Out of the material that follows, write out exactly the lines from the line with "Courtyard By Marriott" to the line with "Profile Picture of", both ends included, and no others.

═══

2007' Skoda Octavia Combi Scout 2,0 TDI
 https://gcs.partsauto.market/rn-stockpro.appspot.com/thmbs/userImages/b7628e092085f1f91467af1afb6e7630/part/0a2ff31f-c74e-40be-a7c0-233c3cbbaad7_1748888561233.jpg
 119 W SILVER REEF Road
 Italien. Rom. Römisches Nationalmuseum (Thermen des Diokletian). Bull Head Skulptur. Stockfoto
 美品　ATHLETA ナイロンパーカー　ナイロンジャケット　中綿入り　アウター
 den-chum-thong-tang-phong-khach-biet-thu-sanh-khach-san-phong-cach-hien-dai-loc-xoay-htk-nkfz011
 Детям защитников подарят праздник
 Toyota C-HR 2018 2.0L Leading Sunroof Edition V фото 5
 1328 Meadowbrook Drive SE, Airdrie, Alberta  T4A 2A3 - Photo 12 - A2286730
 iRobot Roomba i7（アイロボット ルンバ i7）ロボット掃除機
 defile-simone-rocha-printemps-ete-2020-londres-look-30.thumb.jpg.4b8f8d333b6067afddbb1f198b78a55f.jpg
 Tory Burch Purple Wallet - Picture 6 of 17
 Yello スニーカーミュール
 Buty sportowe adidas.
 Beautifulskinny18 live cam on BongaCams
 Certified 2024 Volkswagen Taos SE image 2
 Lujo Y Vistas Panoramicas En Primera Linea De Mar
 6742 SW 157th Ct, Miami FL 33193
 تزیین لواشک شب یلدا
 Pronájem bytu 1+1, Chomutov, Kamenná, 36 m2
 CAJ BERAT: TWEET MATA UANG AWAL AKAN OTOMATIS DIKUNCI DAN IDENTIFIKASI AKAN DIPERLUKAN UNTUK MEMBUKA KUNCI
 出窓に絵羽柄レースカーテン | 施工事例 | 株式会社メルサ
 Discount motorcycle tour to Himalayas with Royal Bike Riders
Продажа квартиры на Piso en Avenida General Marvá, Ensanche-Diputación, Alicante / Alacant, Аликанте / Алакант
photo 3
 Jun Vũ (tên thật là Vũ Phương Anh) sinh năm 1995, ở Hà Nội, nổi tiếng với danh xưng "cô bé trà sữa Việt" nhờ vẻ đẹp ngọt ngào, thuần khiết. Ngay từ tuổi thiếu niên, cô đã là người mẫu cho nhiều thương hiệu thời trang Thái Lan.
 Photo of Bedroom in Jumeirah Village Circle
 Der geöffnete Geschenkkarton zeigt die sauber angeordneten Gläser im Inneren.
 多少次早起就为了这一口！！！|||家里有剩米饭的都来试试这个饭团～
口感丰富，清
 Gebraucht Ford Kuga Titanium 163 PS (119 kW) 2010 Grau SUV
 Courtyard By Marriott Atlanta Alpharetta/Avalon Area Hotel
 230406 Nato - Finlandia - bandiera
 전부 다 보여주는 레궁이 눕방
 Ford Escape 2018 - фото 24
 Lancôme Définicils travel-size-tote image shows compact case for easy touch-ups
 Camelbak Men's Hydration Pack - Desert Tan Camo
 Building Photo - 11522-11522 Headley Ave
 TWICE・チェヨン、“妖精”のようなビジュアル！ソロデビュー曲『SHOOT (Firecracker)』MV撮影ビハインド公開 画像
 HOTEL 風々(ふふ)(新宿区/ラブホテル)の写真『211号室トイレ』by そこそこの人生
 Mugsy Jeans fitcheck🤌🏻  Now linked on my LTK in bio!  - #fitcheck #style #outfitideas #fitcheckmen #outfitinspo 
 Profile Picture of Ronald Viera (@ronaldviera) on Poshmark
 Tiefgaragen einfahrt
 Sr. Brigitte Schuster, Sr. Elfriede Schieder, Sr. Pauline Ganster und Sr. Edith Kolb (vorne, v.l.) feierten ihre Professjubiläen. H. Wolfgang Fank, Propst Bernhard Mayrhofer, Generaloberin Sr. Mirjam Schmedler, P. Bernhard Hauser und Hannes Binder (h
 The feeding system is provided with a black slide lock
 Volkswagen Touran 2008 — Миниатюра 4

═══

▶ _Solution for this exercise_
 Courtyard By Marriott Atlanta Alpharetta/Avalon Area Hotel
 230406 Nato - Finlandia - bandiera
 전부 다 보여주는 레궁이 눕방
 Ford Escape 2018 - фото 24
 Lancôme Définicils travel-size-tote image shows compact case for easy touch-ups
 Camelbak Men's Hydration Pack - Desert Tan Camo
 Building Photo - 11522-11522 Headley Ave
 TWICE・チェヨン、“妖精”のようなビジュアル！ソロデビュー曲『SHOOT (Firecracker)』MV撮影ビハインド公開 画像
 HOTEL 風々(ふふ)(新宿区/ラブホテル)の写真『211号室トイレ』by そこそこの人生
 Mugsy Jeans fitcheck🤌🏻  Now linked on my LTK in bio!  - #fitcheck #style #outfitideas #fitcheckmen #outfitinspo 
 Profile Picture of Ronald Viera (@ronaldviera) on Poshmark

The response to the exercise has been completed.